## [WORK INSTRUCTION]
Starting at the first line of the entries, extract each line up to and including the one that contains "DIGITAL Junk Journal", but leave out the pictures.

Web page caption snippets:
══════

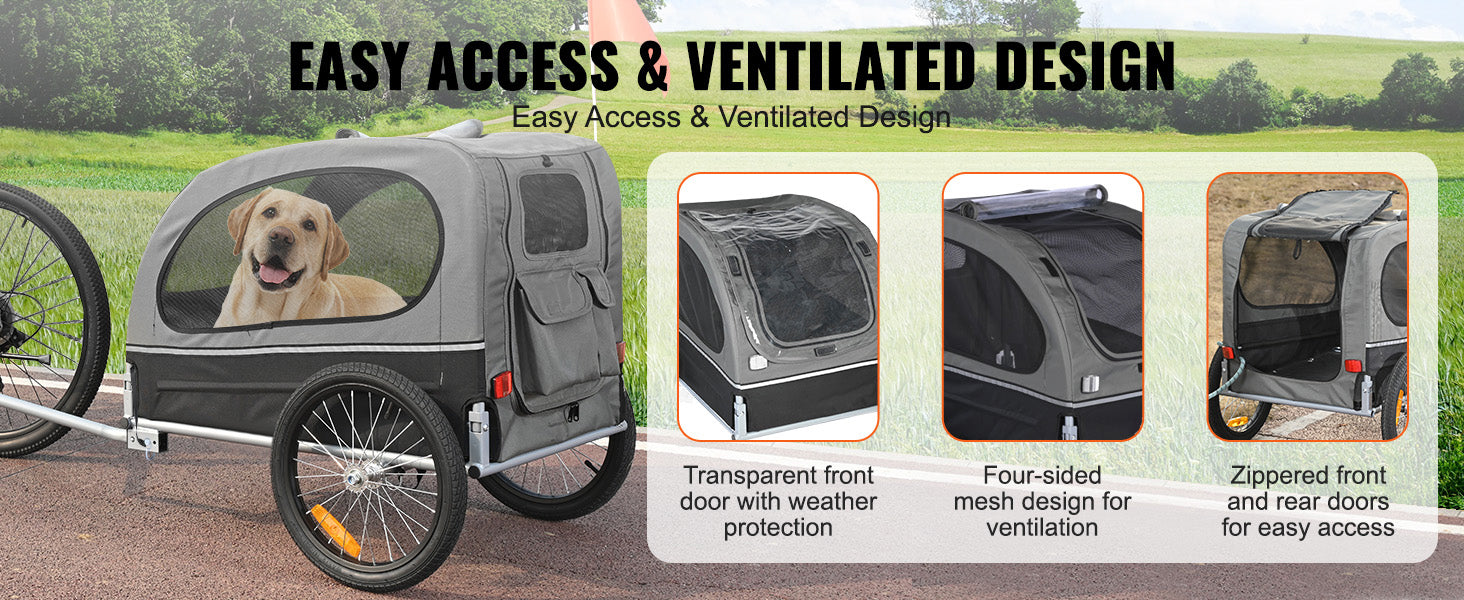 Remolque para perro SucceBuy de 88 lb, carrito de bicicleta para mascotas con ruedas, acoplador, reflectores, bandera, plegable para guardar para perros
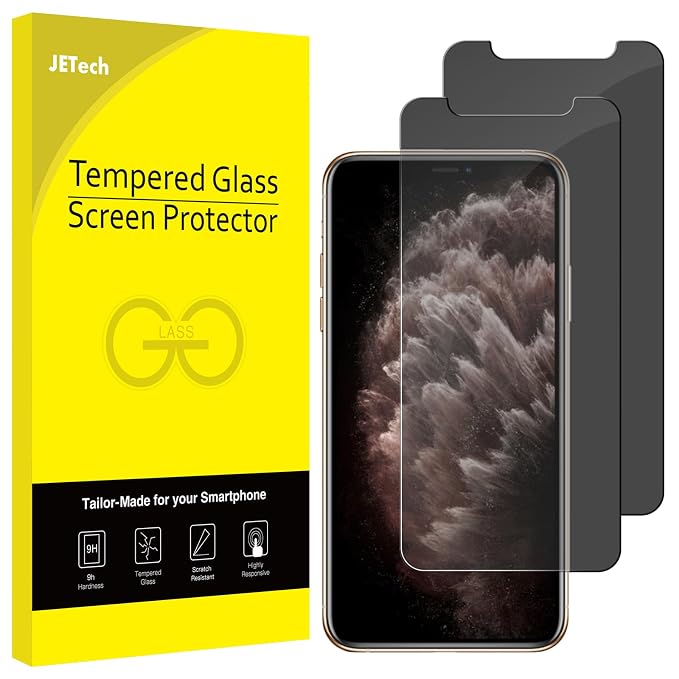 JETech Privacy Screen Protector Guard for iPhone 11 Pro/Xs/X, 2-Pack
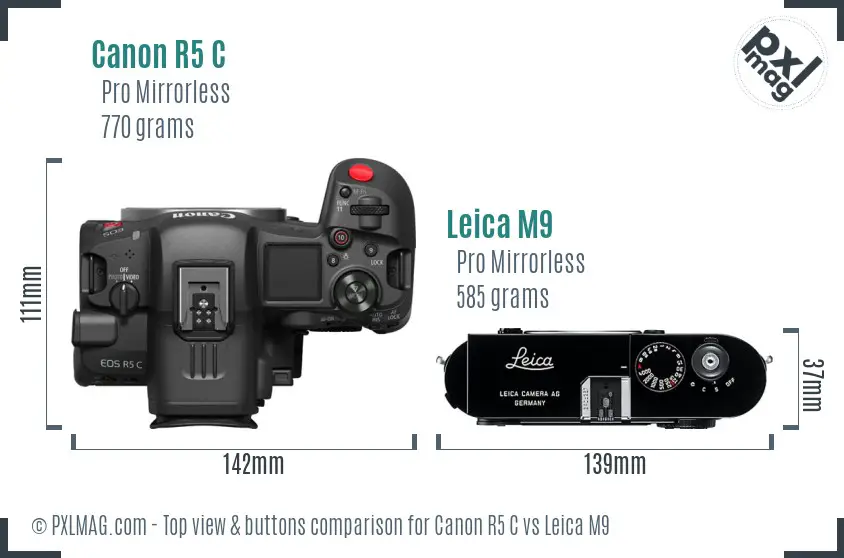 Canon R5 C vs Leica M9 top view buttons comparison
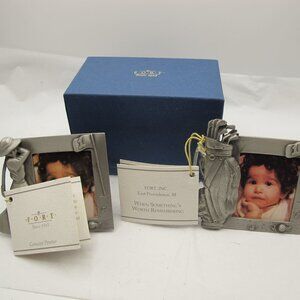 Fort Pewter 2*2 golfing picture frames – lady golfer and golf bag.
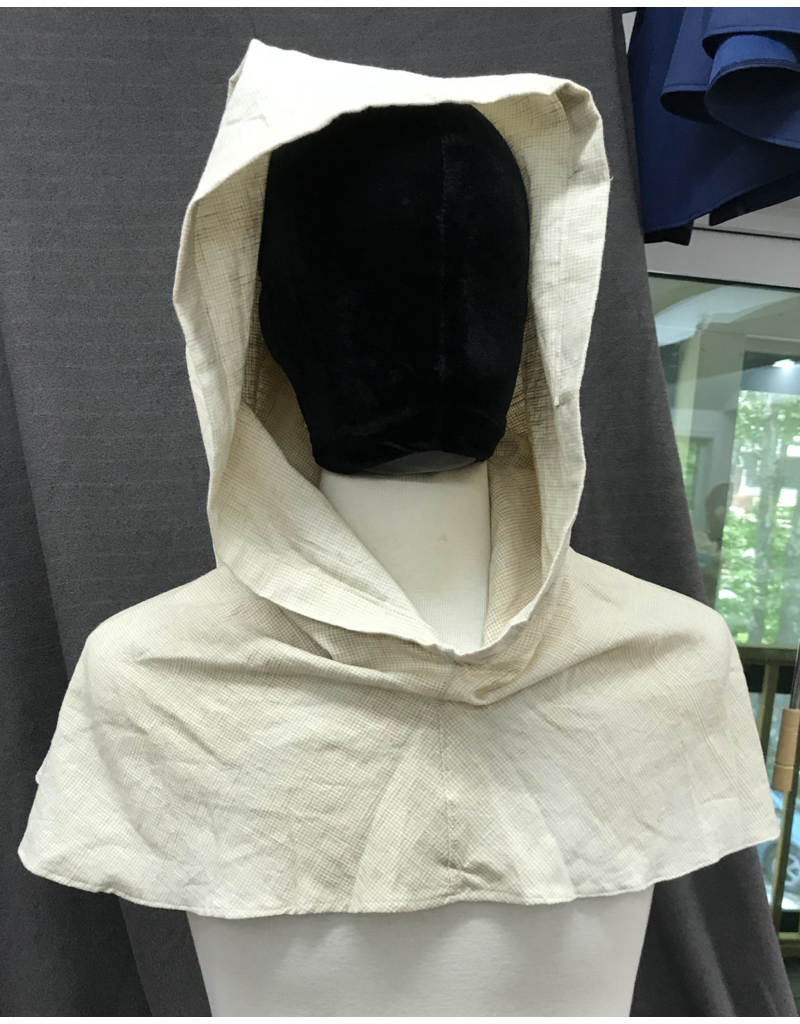 Cloak and Dagger Creations H225- Pointed Hoods in White&Tan 100% Linen, summerweight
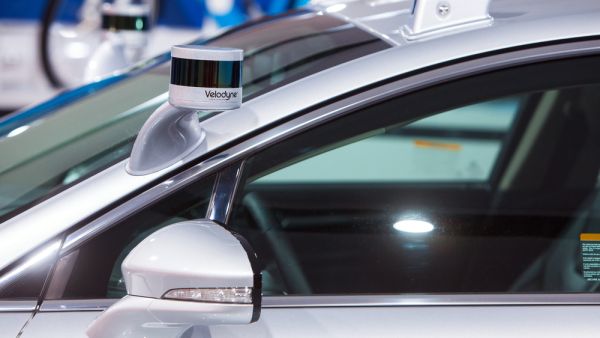 Velodyne self driving car sensor at the North American International Auto Show media preview January 9, 2017 in Detroit, Michigan. (Shutterstock)
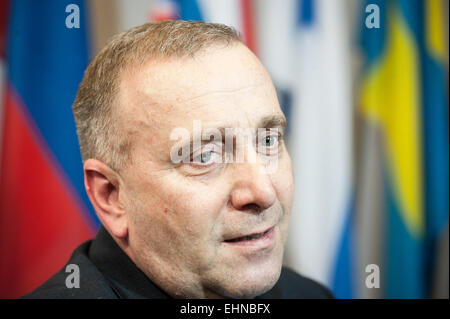 Bruxelles, BXL, Belgio. 16 Mar, 2015. Grzegorz Schetyna, ministro degli affari esteri polacco a livello europeo la sede del Consiglio a Bruxelles, in Belgio il 16.03.2015 da Wiktor Dabkowski Credito: Wiktor Dabkowski/ZUMA filo/Alamy Live News Foto Stock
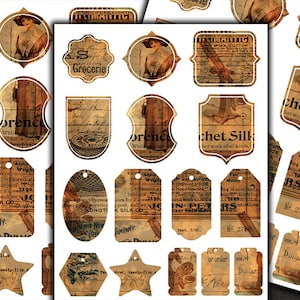 DIGITAL Junk Journal Vintage Ephemera Printables - Digital Collage Sheet Download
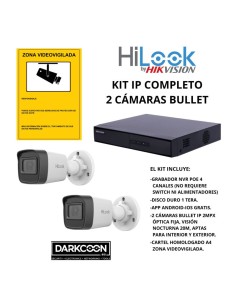 KIT-HIKVISION-IP-2BULLET KIT 2 CÁMARAS BULLET HIKVISION IP POE ONVIF. SISTEMA VIDEOVIGILANCIA CCTV TIENDA, HOGAR, O EMPRESA.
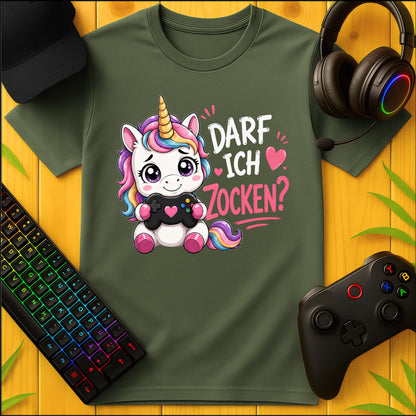 Darf ich Zocken Einhorn T-Shirt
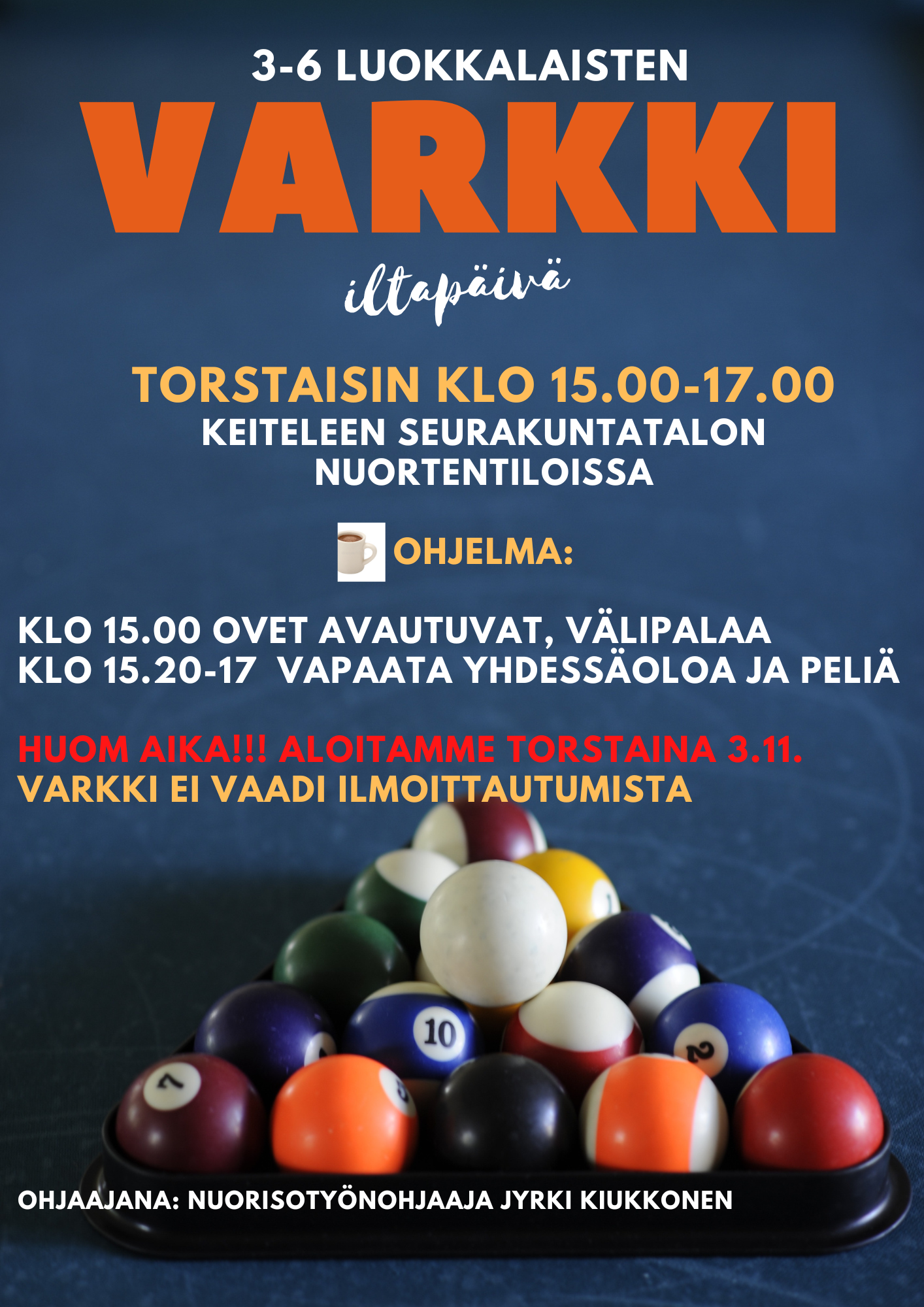 3-6 lk Varkki-iltapäivä kokoontuu torstaisin Keiteleen srk:n nuortentiloissa klo 15-17.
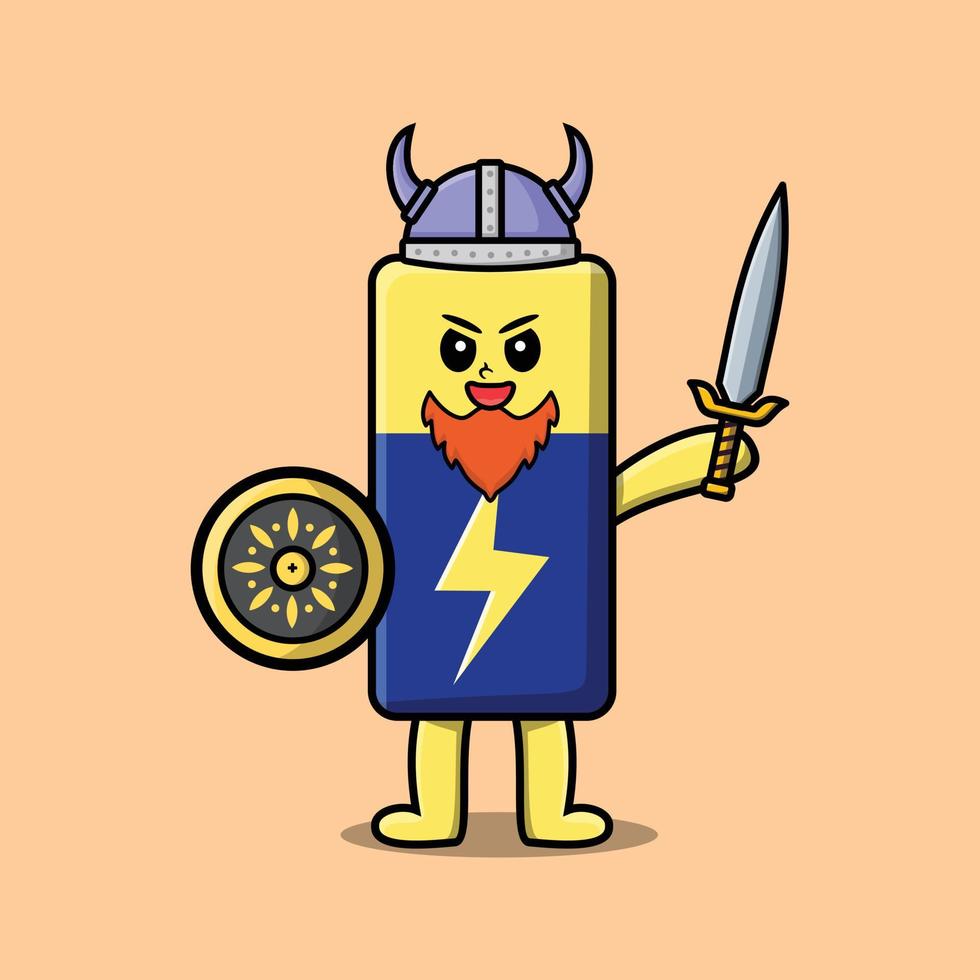pirata viking de bateria de desenho bonito segurando a espada vetor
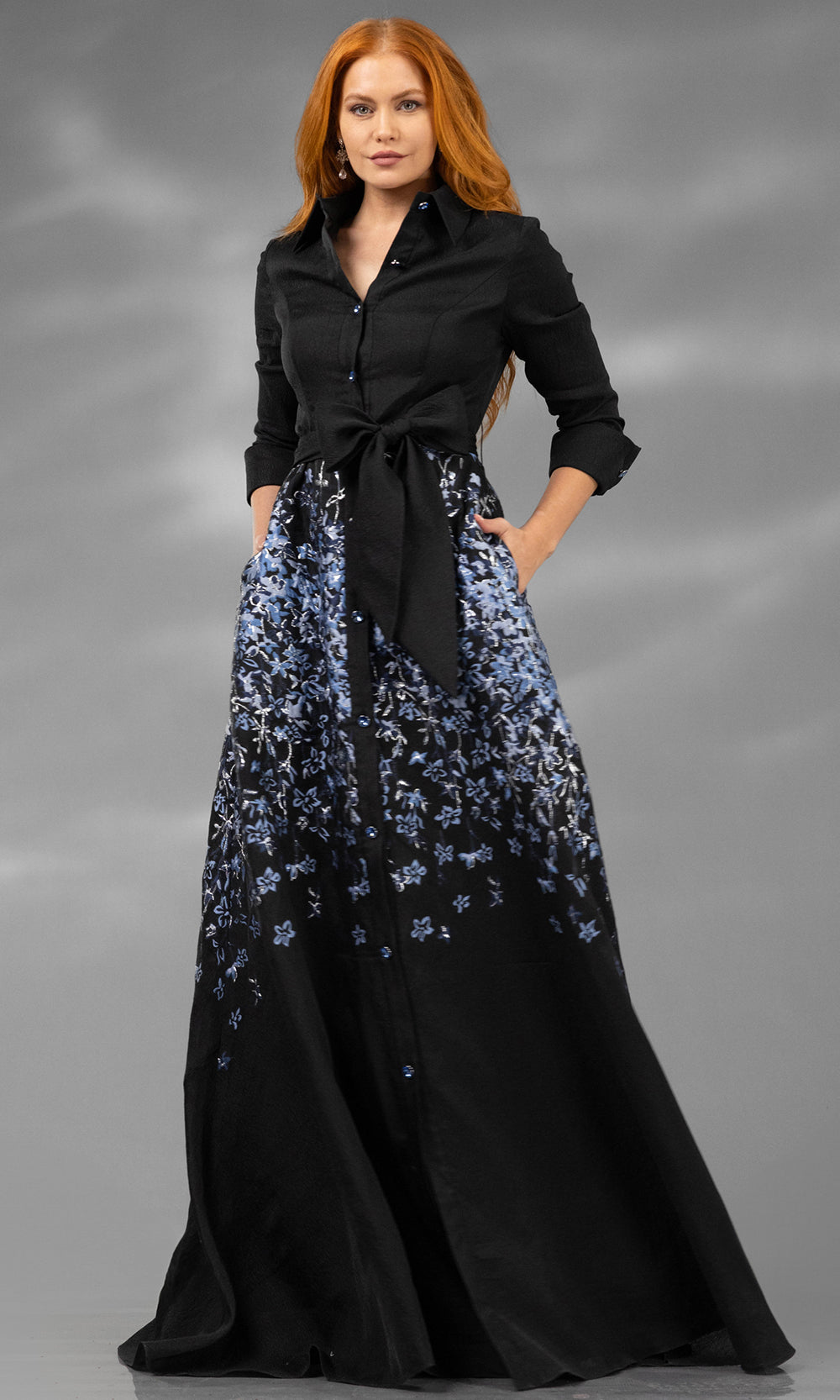 Terani Couture 252M5503 - Long Jacquard A-Line Dress - Quarter-Length Sleeves, Collared, Front Buttons, Bow Accent, Side Pockets, Floral Embroidery 20 Terani Couture 252M5503 - Long Jacquard A-Line Dress - Quarter-Length Sleeves, Collared, Front Buttons, Bow Accent, Side Pockets, Floral Embroidery 20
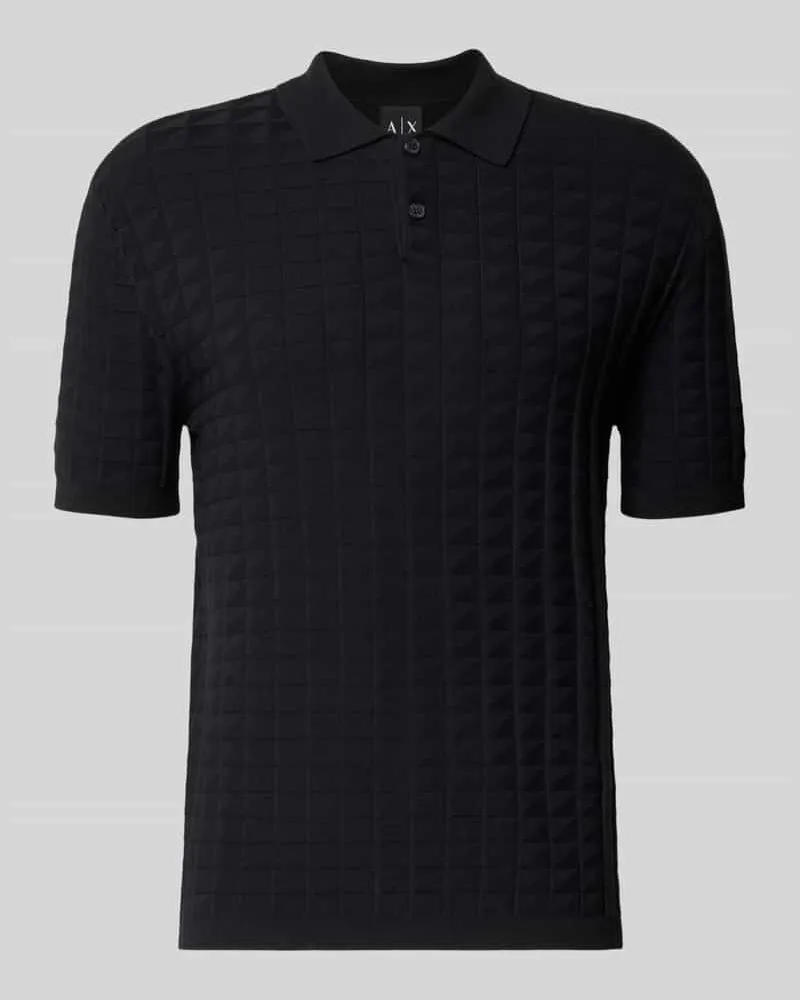 Armani Exchange Regular Fit Poloshirt aus Viskose-Mix Modell 'Maglia Marine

══════

## [PROBLEM SOLUTION]
 Remolque para perro SucceBuy de 88 lb, carrito de bicicleta para mascotas con ruedas, acoplador, reflectores, bandera, plegable para guardar para perros
 JETech Privacy Screen Protector Guard for iPhone 11 Pro/Xs/X, 2-Pack
 Canon R5 C vs Leica M9 top view buttons comparison
 Fort Pewter 2*2 golfing picture frames – lady golfer and golf bag.
 Cloak and Dagger Creations H225- Pointed Hoods in White&Tan 100% Linen, summerweight
 Velodyne self driving car sensor at the North American International Auto Show media preview January 9, 2017 in Detroit, Michigan. (Shutterstock)
 Bruxelles, BXL, Belgio. 16 Mar, 2015. Grzegorz Schetyna, ministro degli affari esteri polacco a livello europeo la sede del Consiglio a Bruxelles, in Belgio il 16.03.2015 da Wiktor Dabkowski Credito: Wiktor Dabkowski/ZUMA filo/Alamy Live News Foto Stock
 DIGITAL Junk Journal Vintage Ephemera Printables - Digital Collage Sheet Download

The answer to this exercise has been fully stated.